New Age Technology Roles in IT Organisations: Shaping the Future of Enterprise Innovation
By Dr. Magesh Kasthuri, Chief Architect and Distinguished Member of Technical Staff and Dr. Anand Nayyar, Full Professor, Scientist, Vice-Chairman (Research) and Director (IoT and Intelligent Systems Lab), Duy Tan University
Introduction
The landscape of Information Technology (IT) organisations is rapidly transforming. The emergence of advanced technologies such as artificial intelligence, cloud computing, and digital platforms has created a need for specialised roles that bridge the gap between business strategy and technical execution. Traditional IT hierarchies are giving way to dynamic structures where new age technology roles are critical to maintaining competitiveness and fostering innovation.
This article delves into the responsibilities and organisational relevance of key positions such as the Executive Architect, Engineering Head, AI Practitioner, AI Head, and Head of Strategic Initiatives. It also explores the convergence of people management and technology management, offering strategic insights for CIOs, CTOs, and CEOs as they reshape their IT portfolios.
Each role below is described through responsibilities, organizational necessity, and typical reporting interfaces, with explicit decision rights and measurable outcomes to support operating-model clarity.
Executive Architect
Role and Responsibilities
The Executive Architect is a senior leader responsible for the overall architectural vision of an organisation’s technology landscape. This role involves defining architectural standards, ensuring alignment with business objectives, and guiding the adoption of emerging technologies. Executive Architects collaborate with both technical and business teams to bridge strategic goals and practical implementation.
- Develop and maintain enterprise-wide architectural frameworks;
- Ensure technology solutions are scalable, secure, and adaptable;
- Facilitate cross-functional collaboration to drive architectural consistency;
- Mentor solution architects and technical leads;
- Establish and run architecture governance mechanisms;
- Define platform and integration guardrails in partnership with Engineering and Security leaders;
- Quantify and manage technical debt via modernization roadmaps and architectural fitness functions (where applicable).
Necessity in Modern Environments
In a rapidly evolving technology environment, the Executive Architect’s role is indispensable for harmonising disparate systems, integrating new technologies, and ensuring that IT investments are future-proof. As digital transformation accelerates, having a dedicated architectural leader helps organisations avoid technical debt and supports long-term growth.
- Decision Rights & Interfaces: Owns enterprise architecture standards and reference patterns; co-owns target-state roadmaps with CTO/CIO; interfaces deeply with Engineering Head (delivery feasibility), AI Head (model/platform alignment), and Security leadership (security architecture patterns).
- Core KPIs / Outcomes:
- Architecture conformance rate (by portfolio/line of business)

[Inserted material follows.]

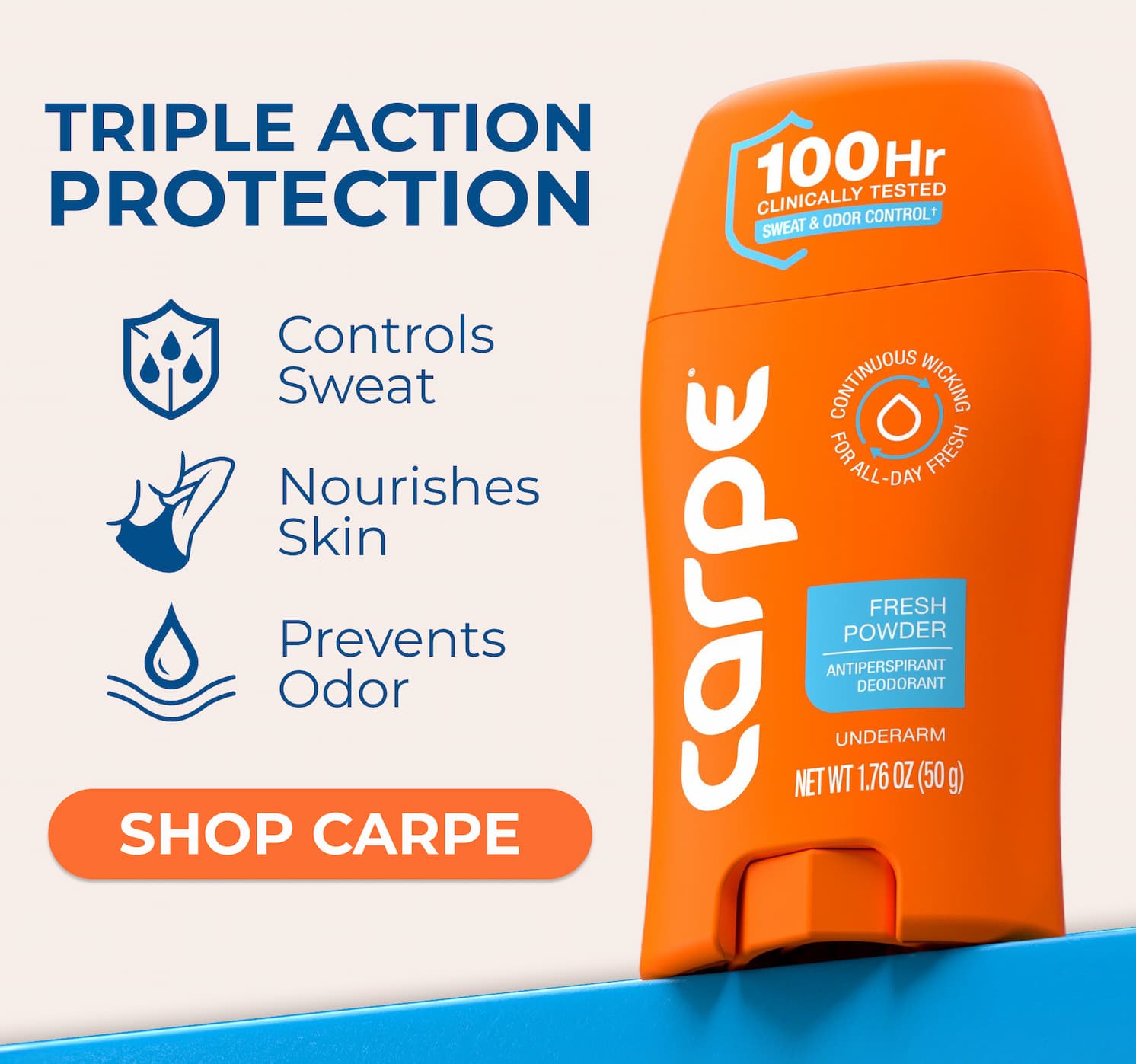 Carpe's Triple Action Protection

- Reduction in duplicate capabilities and non-standard platforms
- Technical debt burn-down (e.g., legacy decommission velocity, risk-weighted debt index)

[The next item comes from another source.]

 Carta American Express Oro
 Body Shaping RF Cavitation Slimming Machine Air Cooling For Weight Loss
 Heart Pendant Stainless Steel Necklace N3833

- Time-to-approve architecture decisions with controlled exception rates
The rise of New Age Technology roles signals a profound shift in how IT organisations operate and deliver value.
Organisational Chart Example
The Executive Architect typically reports directly to the CTO or CIO and oversees a team of solution architects, enterprise architects, and technical leads. Their position places them at the nexus of strategic planning and technical execution, as shown in below Org chart diagram.

Engineering Head
Role and Responsibilities
The Engineering Head leads the engineering department, overseeing the development, delivery, and maintenance of software solutions. This role is central to ensuring that engineering teams adhere to high standards of quality, efficiency, and innovation.
- Set technical direction and strategy for engineering teams
- Manage project timelines, resource allocation, and budget
- Establish best practices and standards for software development
- Foster a culture of continuous improvement and learning
Necessity in Modern Environments
As IT organisations scale, the complexity of engineering projects increases. The Engineering Head ensures that teams remain agile, productive, and aligned with organisational objectives. This role is essential in environments where rapid product iteration and innovation are key to staying competitive.
Organisational Chart Example
The Engineering Head usually reports to the CTO or VP of Technology and manages engineering managers, senior engineers, and development teams, as shown in below Org chart diagram.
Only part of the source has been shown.